Task requirements -> Only one stretch of the data below is wanted: the lines from the one with "Cherry Vol 33" through the one with "Analyze spend data", repeated exactly.

Information ->
┏━━
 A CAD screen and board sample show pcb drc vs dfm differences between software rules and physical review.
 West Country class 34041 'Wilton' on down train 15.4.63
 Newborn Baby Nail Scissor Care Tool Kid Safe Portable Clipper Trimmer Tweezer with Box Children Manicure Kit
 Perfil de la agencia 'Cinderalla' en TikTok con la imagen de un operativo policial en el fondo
┗━━
┏━━
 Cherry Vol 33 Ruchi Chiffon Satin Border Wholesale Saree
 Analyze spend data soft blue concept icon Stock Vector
┗━━
Result ->
 Cherry Vol 33 Ruchi Chiffon Satin Border Wholesale Saree
 Analyze spend data soft blue concept icon Stock Vector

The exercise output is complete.